ROMA – La riforma della giustizia non è “ad personam” perché non c’entra niente “coi processi in corso”: Silvio Berlusconi ha presentato il disegno di legge (approvato dal Consiglio dei Ministri) come “un punto di svolta”. Berlusconi ha ironizzato sulla limitazione di potere che spetterebbe ai pm con la riforma: “Dovranno rivolgersi al giudice con il cappello in mano”.
Secondo il premier (che ha ascsiurato che si toglierà “belle soddisfazioni” durante i processi) quello della riforma è un cambiamento che se fosse stato introdotto 20 anni fa avrebbe evitato “l’esondazione, l’invasione della magistratura nella politica e quelle situazioni che hanno portato nel corso della storia degli ultimi venti anni a cambiamenti di governo, ad un annullamento della classe dirigente nel ’93”, e soprattutto avrebbe evitato “il tentativo che è in corso attualmente di far cadere il governo per via giudiziaria”.
Il testo varato dal Cdm è esattamente quello proposto dallo stesso Guardasigilli e discusso anche nel corso di un colloquio di quasi due ore al Quirinale con il capo dello Stato Giorgio Napolitano. “E’ dal 1994 che volevo questa riforma – ha proseguito Berlusconi – è dai tempi della nostra discesa in campo, finalmente riusciamo a realizzare un punto fondamentale del nostro programma”.
“Abbiamo una maggioranza solida e contiamo di arrivare a 330 deputati a Montecitorio”, ha aggiunto nel corso del Consiglio dei ministri, secondo quanto riferito da fonti governative. Il presidente del Consiglio durante la riunione avrebbe poi sottolineato che il nuovo testo è “una riforma organica, di prospettiva e di profondo cambiamento che non ha nulla a che fare con i processi in corso e non è contro nessuno”.
Poi, intervenendo in conferenza stampa, Berlusconi ha ribadito che “per la prima volta nella storia della nostra Repubblica presentiamo un testo di riforma completo, organico, chiaro, convincente. Lo portiamo all’attenzione del Parlamento che lo discuterà, lo approverà e intendiamo sostenere questa riforma con una larga comunicazione.
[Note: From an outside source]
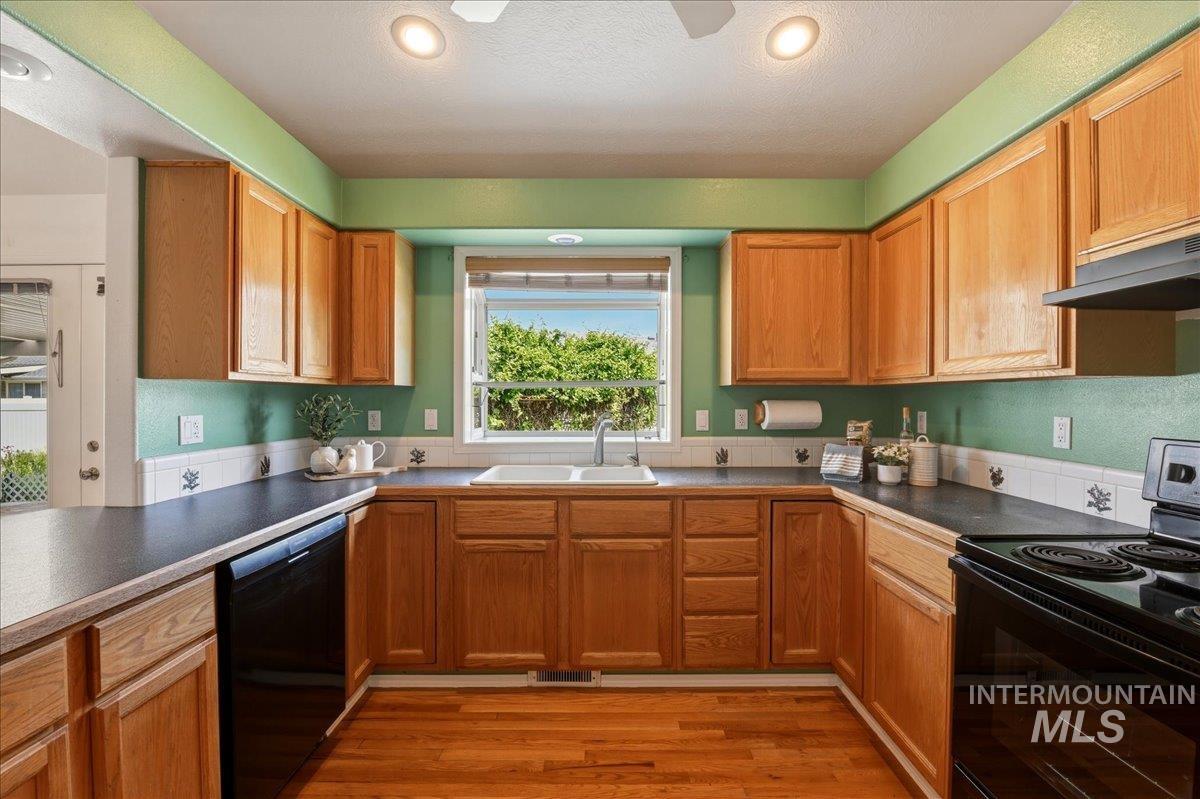 414 Meadowbrook Place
E’ una riforma che va nell’interesse dei cittadini. Sono già pronte dieci leggi di attuazione, che presenteremo in successione al Parlamento”.
Riferendosi al ridimensionamento del ruolo del pubblico ministero, uno dei punti più a cuore del premier, Berlusconi ha sintetizzato con una battuta: “Il pm per parlare con il giudice dovrà fissare l’appuntamento e battere con il cappello in mano e possibilmente dargli del lei”.
Il Ddl costituzionale contiene la separazione delle carriere fra giudici e pubblici ministeri, l’estensione della responsabilità civile del giudice, nonché due Csm separati, entrambi presieduti dal presidente della Repubblica, come previsto nella bozza 2anticipata ieri. Il cardine, ha illustrato in conferenza stampa Alfano, è la divisione tra giudici e pm. La riforma, ha sottolineato, “pone al centro la parità tra accusa e difesa. E’ un impegno che abbiamo assunto con i cittadini. Ed è quello che stiamo sostenendo dal 1994”.
Il giudice, ha aggiunto, diventa colui che è davvero sopra le parti perché non è più pari al pm. Giudice e pm, ha insistito il ministro, “svolgono mestieri differenti. Il giudice deve valutare cosa gli vengono a dire accusa e difesa”.
Per questo, ha detto ancora, il Guardasigilli, “giudici e pm devono avere un organismo di governance del tutto autonomo e indipendente rispetto ai giochi interni alle correnti della magistratura e alla politica”. La responsabilità disciplinare dei di giudici e pm è stata però “estrapolata dal Csm”, con la creazione di un’Alta Corte di disciplina “composta per metà da da magistrati e per metà da eletti da Parlamento tra coloro che abbiano competenze giuridiche consolidate”. Quanto alla responsabilità civile, la riforma prevede che “il cittadino possa citare in giudizio il magistrato che ha sbagliato”. “Il principio di responsabilità è un principio di libertà”, ha sostenuto Alfano.
Altri punti destinati a scatenare polemiche sono sicuramente il divieto ad appellarsi ad una sentenza di assoluzione in primo grado e la revisione del principio di obbligatorietà dell’azione penale. Quest’ultima sarà mantenuta, ma secondo “i criteri previsti dalla legge”. “Si partirà prima dalle priorità – dice Alfano – e poi il resto. Se il giudice non potrà perseguire tutto, le priorità le definirà il parlamento”. Alfano, come aveva già fatto il premier, è tornato quindi ad assicurare che la riforma non riguarderà i procedimenti in corso. “Questi principi non si applicano ai procedimenti in corso alla data dell’entrata in vigore della legge”, ha ricordato il ministro.